The fictional town in the movie is a Wisconsin farm community of 5,000 that lost a military base as its major employer and has fallen on hard economic times. Our protagonist finds a well-spoken dairy farmer and former Marine Corps officer (Cooper), and talks him into running against the incumbent, a good-old-boy mayor. When a top Republican Party strategist (Byrne) notices what her Democratic rival is up to, she shows up in town with a full team ready to back the GOP incumbent. Dirty tricks and hilarity ensue.

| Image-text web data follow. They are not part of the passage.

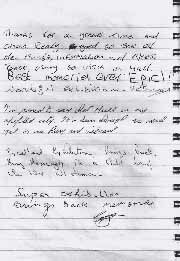 Pages from our Guest Book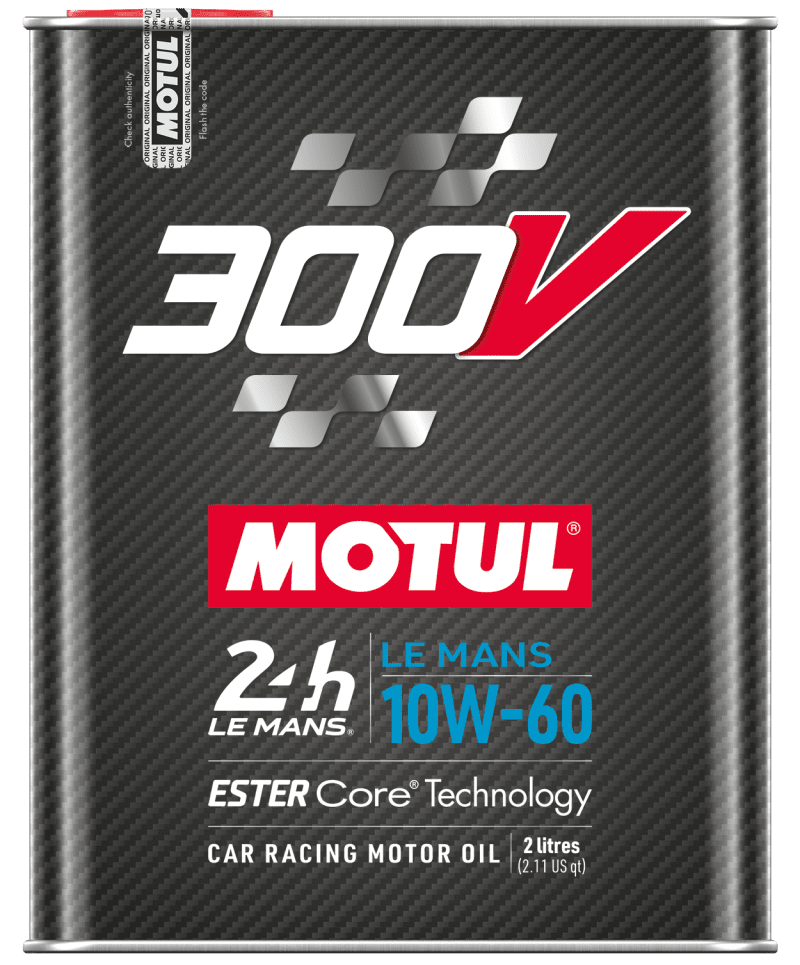 Motul 2L Synthetic - ester Racing Oil 300V Le Mans 10W60 10x2L - My Store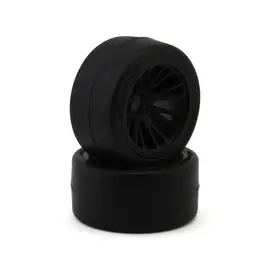 Excelerate RC XCE-3065.PR  F1 Pre-Mounted Front Asphalt Rubber Tires (2) (Purple)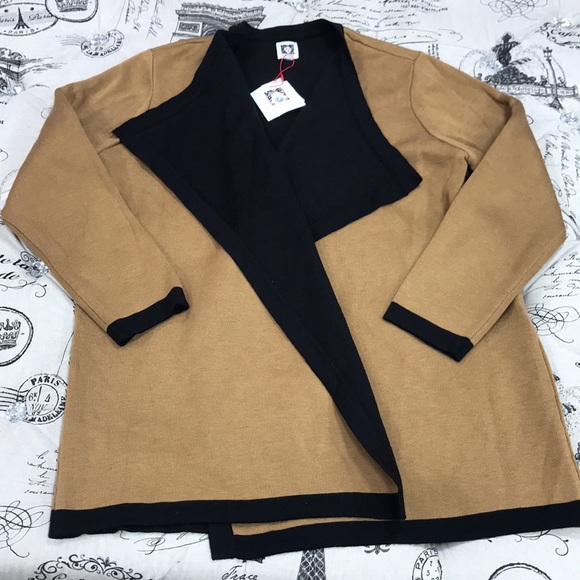 🎁Anne Klein Plus Size Collared Cardigan - Picture 7 of 7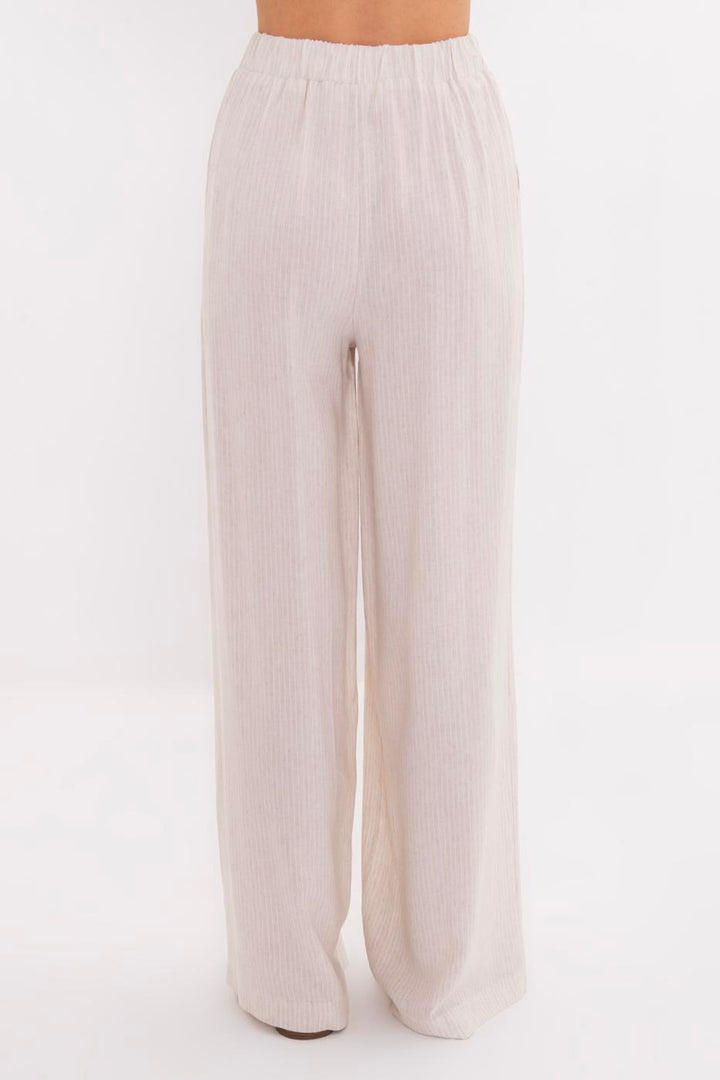 BSL Women Linen Blend Loose Trousers - Huesca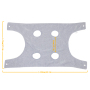 Dog Grooming Hammock Dog Grooming Harness Multifunctional Restraints for Cats Bathing Washing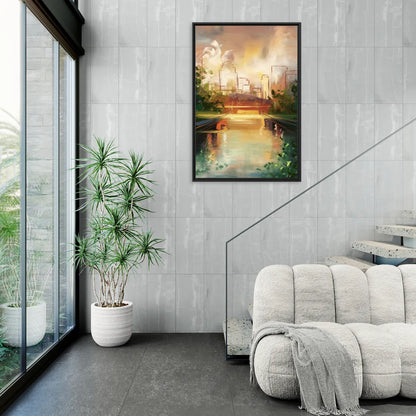 Durham Riverwalk Serenity - Living Room Black Frame Canvas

But the film is more than just summer confection. While entertaining us, it also transmits in an economy of words and pictures a vivid understanding of just how screwed up American democracy has become, thanks to big bucks, super PACs, billionaires with idle whims, over-organized campaign bureaucracies and more.
As a small-town Wisconsin native who attended the University of Wisconsin-Madison and worked most of my career in Milwaukee, I quickly noticed that Stewart had done his homework on Wisconsin culture, politics, and social dynamics. The story is not just one-offs about cheese curds or red necks, although those show up. It's a human-interest tale, a story concerning what makes community, and a parable about a country that's uncomfortably close to reality.
For his research, which included scouting locations, Stewart reportedly interviewed Katharine Cramer, a UW-Madison professor who studied the political makeup of the state in her recent book, "The Politics of Resentment." In another non-fiction book about Wisconsin published several years ago, I and my co-author Avi Lank also cited Cramer's scholarly work for its important insights. How did we as a nation get so tribalized and divided, and why does that division only seem to worsen? "Irresistible" provides some, though not all, of the answers.
Plaudits to Stewart for coming to Wisconsin (where much of the movie was filmed) and loading up with real facts before choosing locations and shooting his script.
"Irresistible" is funny and raunchy in places but also is rewarding and mature — just like the characters who represent real people Stewart seeks to show us. By the time the credits roll (which they try to do several times before the characters interrupt), Stewart has nailed the look, feel, and sentiments of rural Wisconsin. They are simultaneously more complex and more basic than many observers might notice:
Stay together. Survive. Be nice. Be ethical. Take some risks. Keep it real. Leave the campsite (or the small farm town with boarded up storefronts) nicer than you found it. Mix and match the above as necessary, because ideal choices are rare.
Meanwhile, the two self-air-dropped political combatants -- underlying personality strengths and good intentions not withstanding -- get taken down a peg. That's noteworthy because Stewart, a progressive in real life, is wise enough to know that while Democratic politics generally are more responsible than the Republican alternatives, both parties are captive to big-money distortion. Earnest attempts to break out of this habit
Stewart does all this playfully and yet with immense respect, often tipping his hat toward the fictional locals and thus their real-life counterparts. His script and camera do not talk down, although his characters sometimes do on the way to ephiphany.
For a time I was a professional movie critic. I haven't formally reviewed films in decades. But this movie is so good (swiping a joke from Robert Klein), that I had to come back from the dead to tell you about it. "Irresistible" is, besides engaging comedy, an important political story, one of the best such stories that this country's filmmakers ever have told. Think "Mr. Smith Goes to Washington," only in reverse. Call it "Mr. Stewart Goes to Wisconsin."